L’histoire de la musique recèle certains mystères qu’on n’arrive toujours pas aujourd’hui à expliquer. Ainsi, comment se fait-il que Tarare (1787), qui a été un si grand succès de sa création au début du XIXe siècle, ayant même fait l’objet d’une transcription et d’un remaniement en italien sous le titre d’Axur, re d’Ormus qui a également connu un succès phénoménal, soit ainsi tombé dans l’oubli jusqu’à ce que le pionnier Jean-Claude Malgoire le donne en 1988? En tout cas, ce soir, c’était au tour de l’Opéra royal du château de Versailles d’accueillir Christophe Rousset et ses Talens Lyriques pour donner en version de concert, après Les Danaïdes et Les Horaces, le troisième opéra qu’Antonio Salieri (1750-1825) a composé en français.

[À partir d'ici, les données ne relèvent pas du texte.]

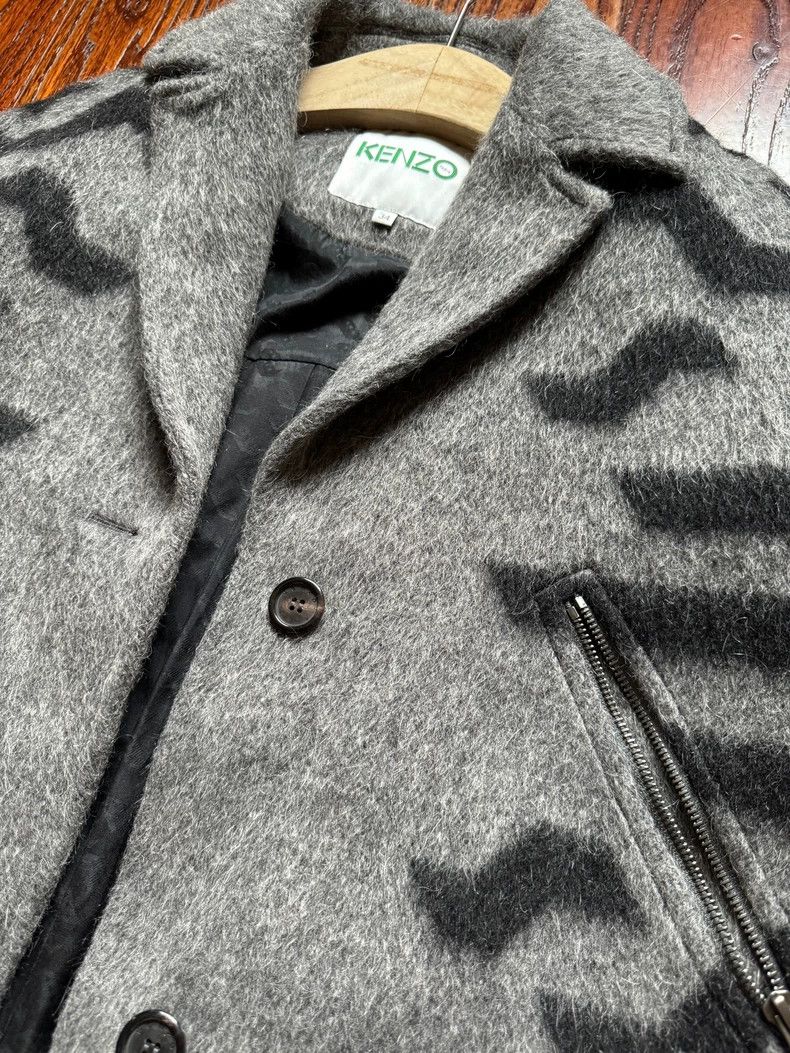 Kenzo KENZO Grayish wool sweater with dark gray sleeves Size XXS / US 00 / IT 34 - 3 Thumbnail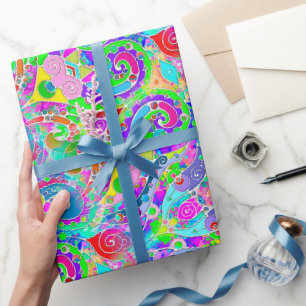 Handgemachte und digital gestrichene Muster Art 22 Geschenkpapier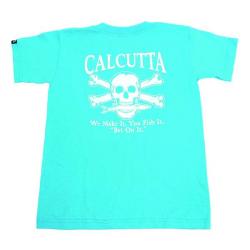 Calcutta Kids Carb Blue T-Shirt W/ Original Logo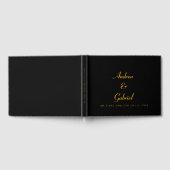 黒エレガントと金ゴールド ゲストブック (全面)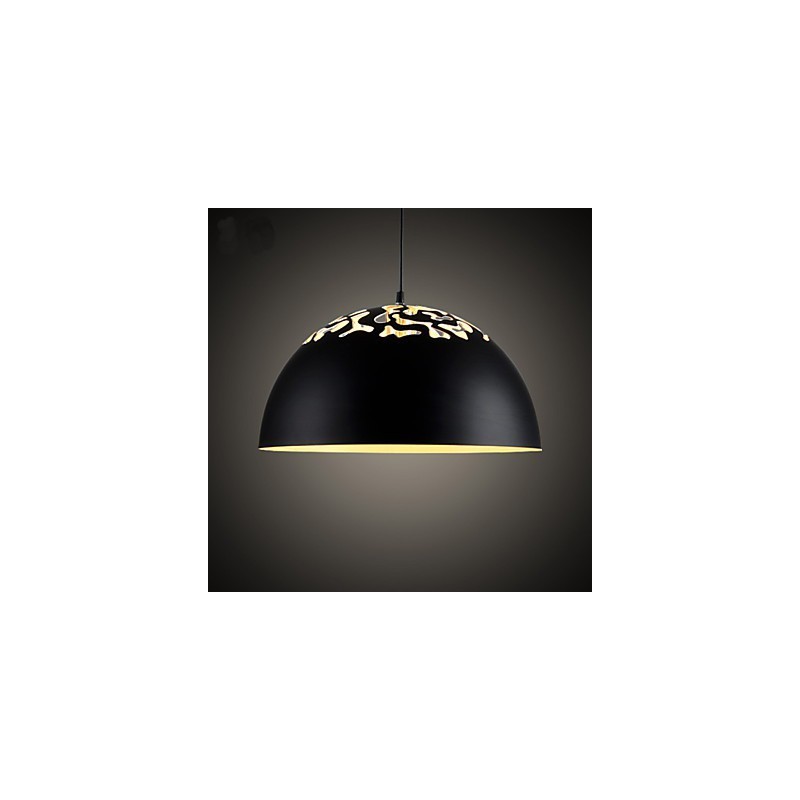 Vintage stil minimalistisk 1 lys pendel med udskåret skygge pendel lys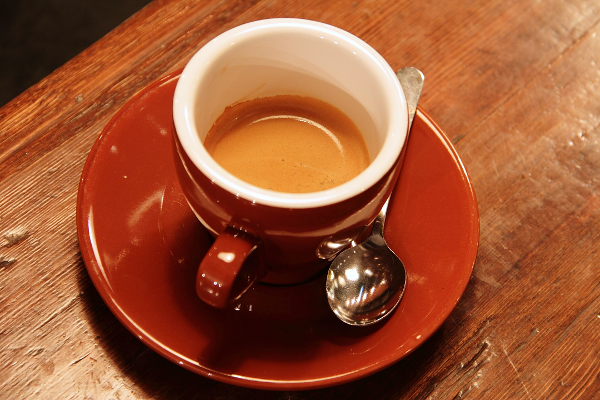 An espresso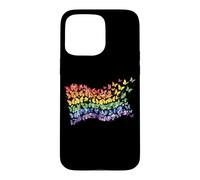 Drapeau Arc-en-Ciel Papillons Gay Pride Mois Art Homosexualité Coque pour iPhone 15 Pro Max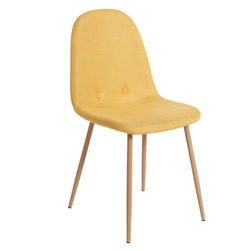 Zestaw 2 żółtych krzeseł do jadalni Lissy ZO_98-1E6975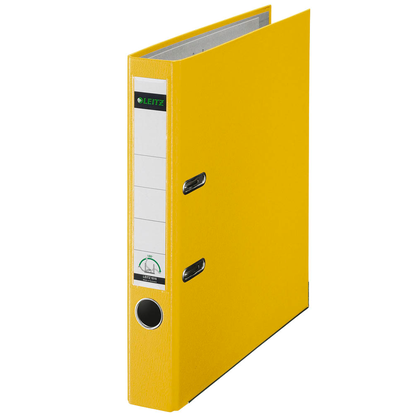 Artikelbild für LEITZ 1015 Ordner gelb Kunststoff 5,2 cm DIN A4, 1 St., Artikelnummer 859264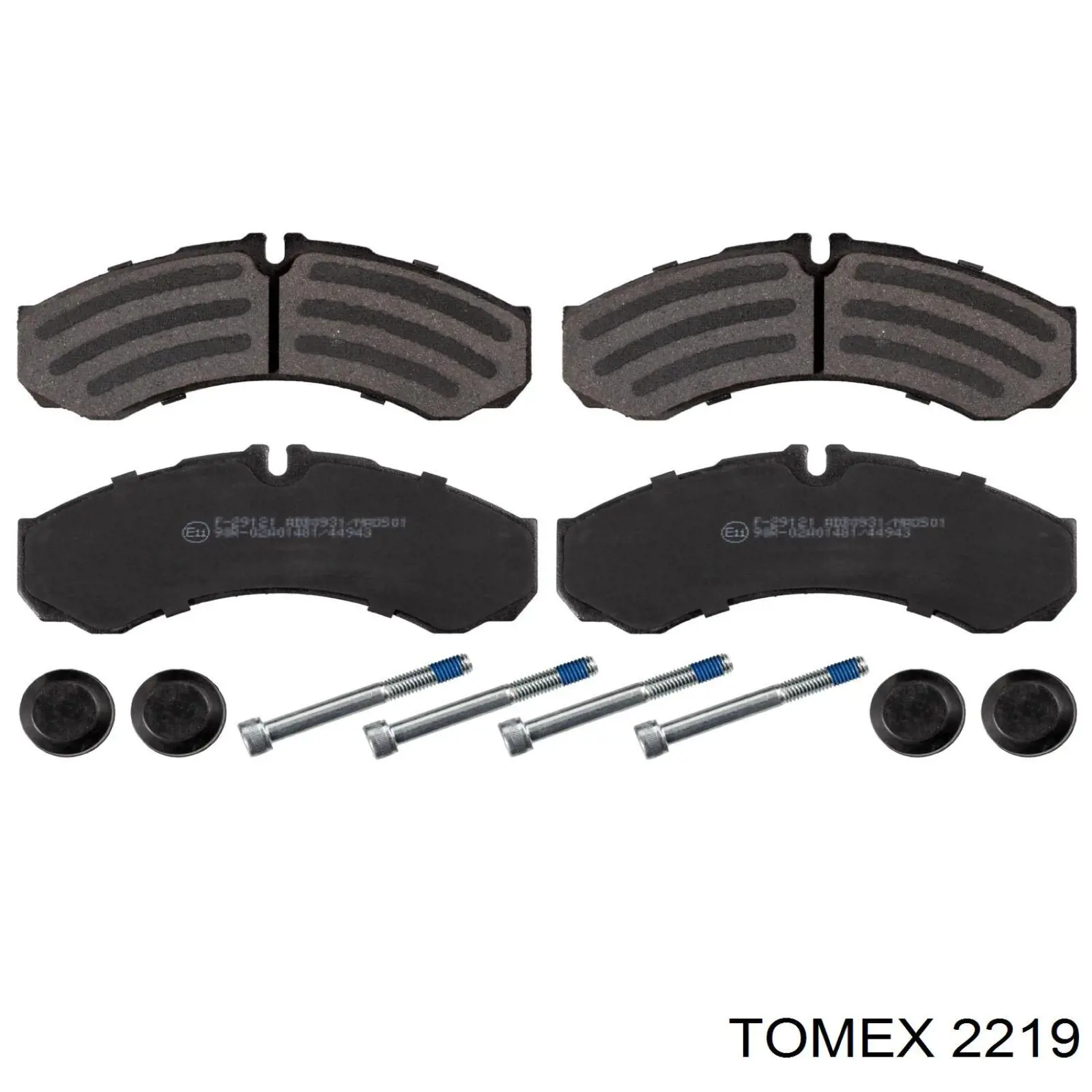 Колодки ручника/стоянкового гальма 2219 Tomex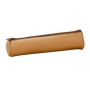 FOURRE-TOUT PETIT ROND OXFORD CUIR NATUREL BEIGE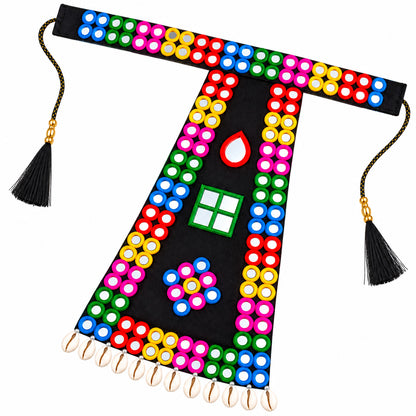Navratri Mirror Dangling Cowrie Shells Kamar Belt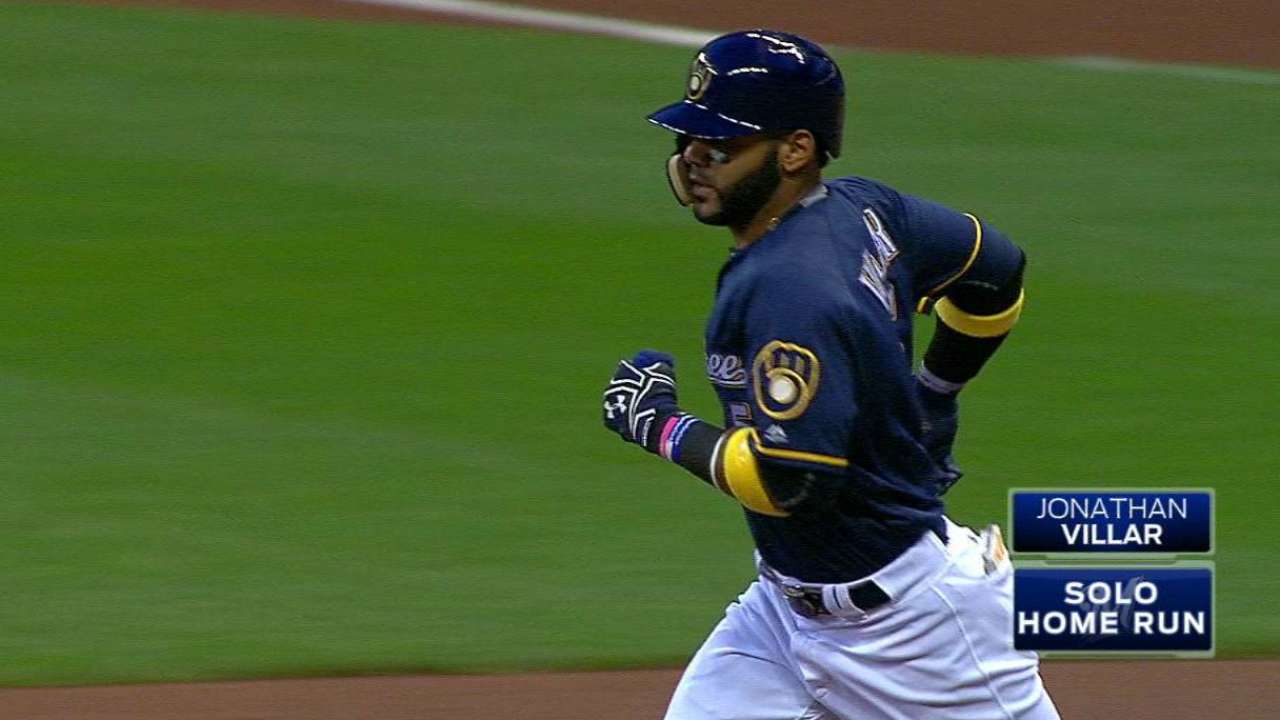 Villar, Cerveceros le propinan paliza a los Cachorros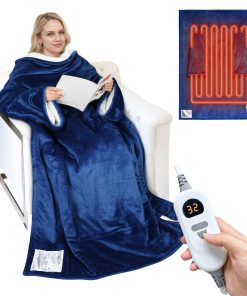 Manta eléctrica con mangas Catalonia, manta -Azul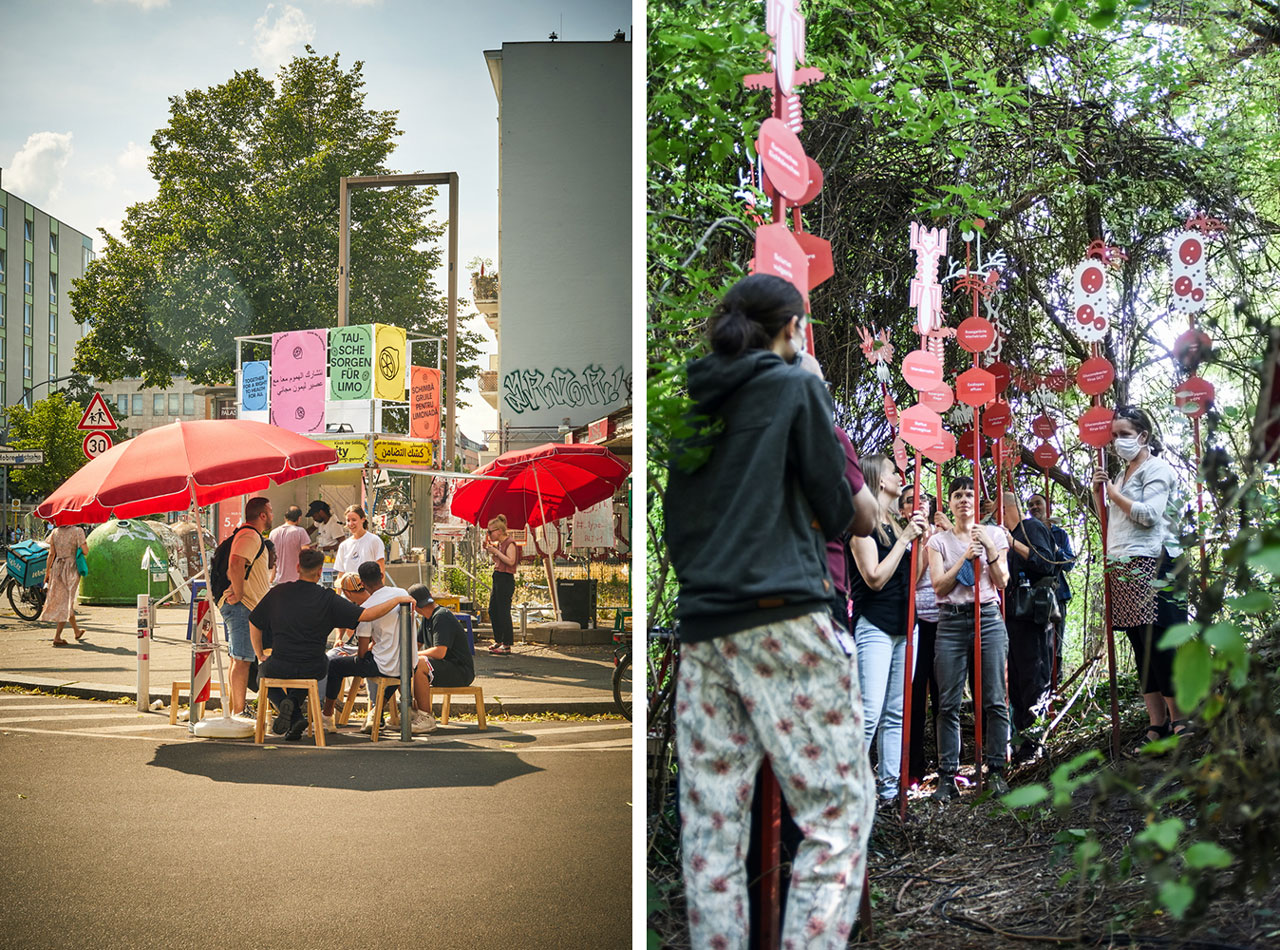 Left: Maison Commune © Javier Agustin Rojas Right: Organismendemokratie © Manuel Miethe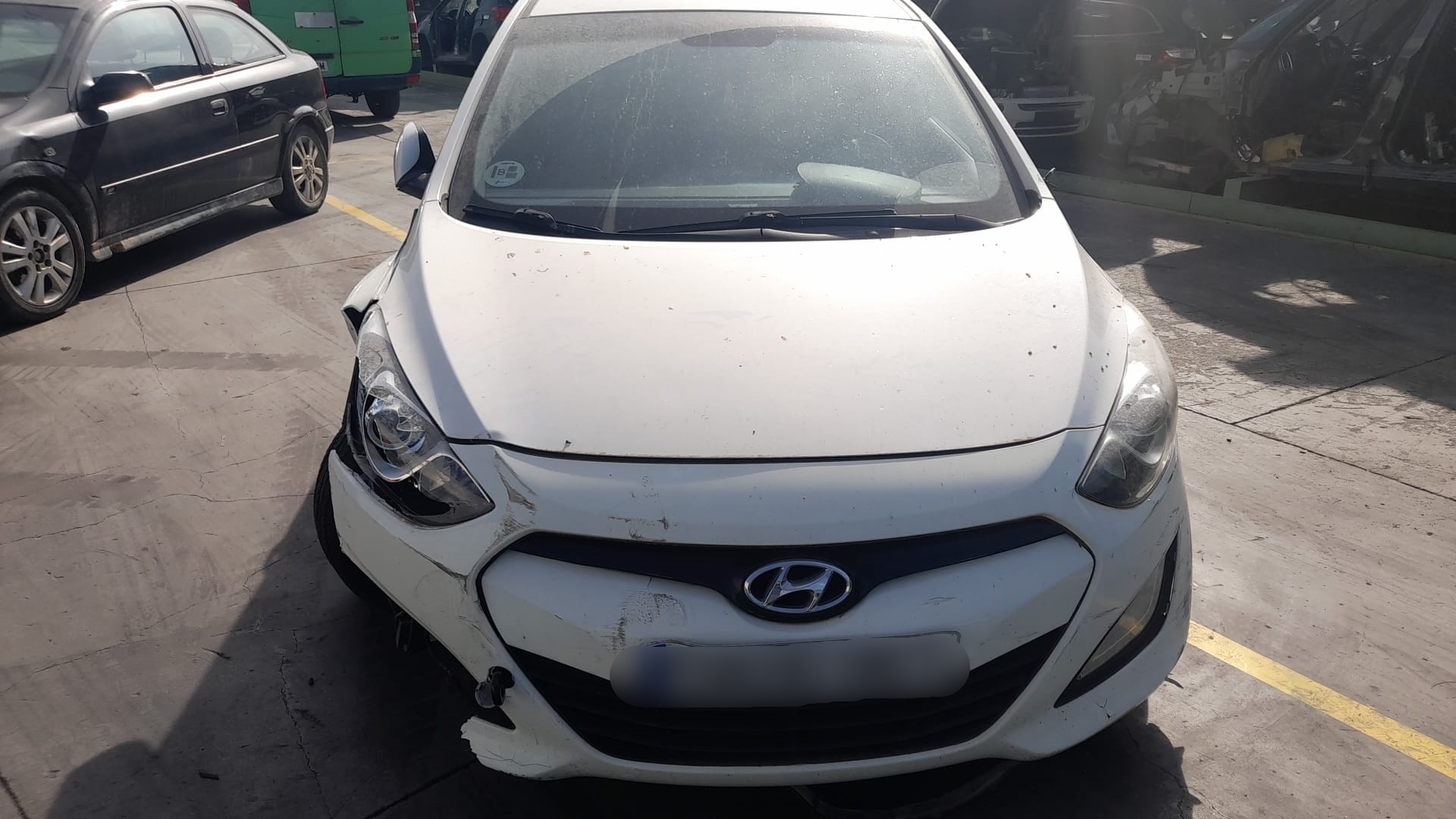 HYUNDAI i30 GD (2 generation) (2012-2017) Priekinių dešinių durų spyna 81320A6110 18588581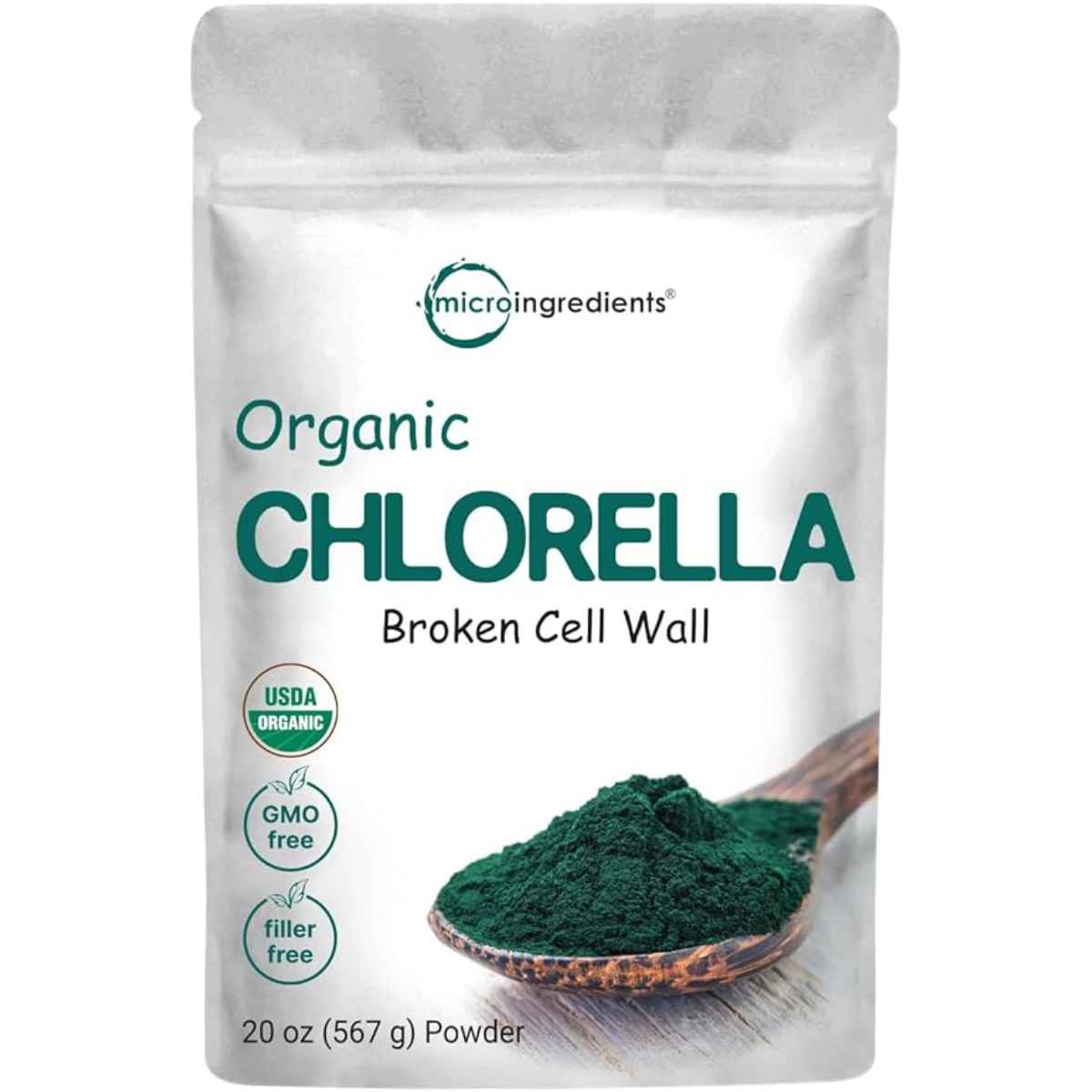 Micro Ingredients Polvo de Chlorella Orgánica - 567 g - Haz Tu Pedido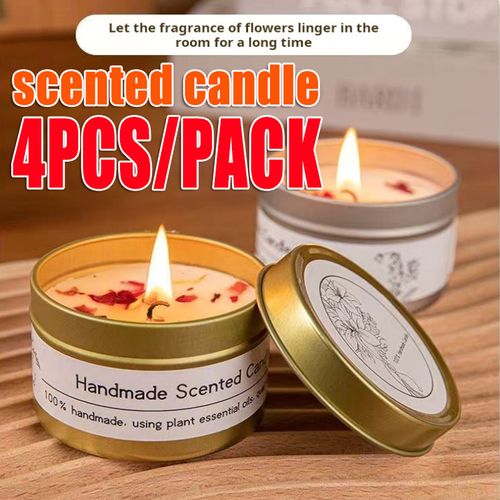 2068--4 Pieces Petal Candle Aromatherapy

L’intrigue, bâtie sur un livret de Beaumarchais, est moins anodine qu’il n’y paraît, comme le souligne très justement Benoît Dratwicki dans la notice du programme. Le décor nous plonge certes dans les turqueries qui sont tant à la mode en cette fin de XVIIIe siècle: rappelons qu’en 1725, Aubert a composé La Reine des Péris sur un livret de Fuzelier (le même auteur du livret des Indes galantes dix ans plus tard), Grétry compose La Caravane du Caire en 1783, un an après L’Enlèvement au sérail de Mozart. Au-delà de ce contexte convenu, le philosophe français rédige le livret d’un opéra classique mais où certaines traces de l’opéra baroque sont visibles à l’instar de cet étrange Prologue où La Nature, le Chœur des vents et le Génie du feu conversent sur le monde et l’humanité avant d’introduire par bribes les personnages de l’opéra en cinq actes qui suivra quelques minutes plus tard. Etrange introduction mais tout aussi étrange conclusion puisque le dernier acte se conclut par une scène 10 tirant la morale de l’action qui s’est déroulée sous nos yeux pendant plus de trois heures et qui fait ainsi bizarrement retomber le souffle du chœur concluant la scène 9, celle-là même qui voit éclater le triomphe de Tarare.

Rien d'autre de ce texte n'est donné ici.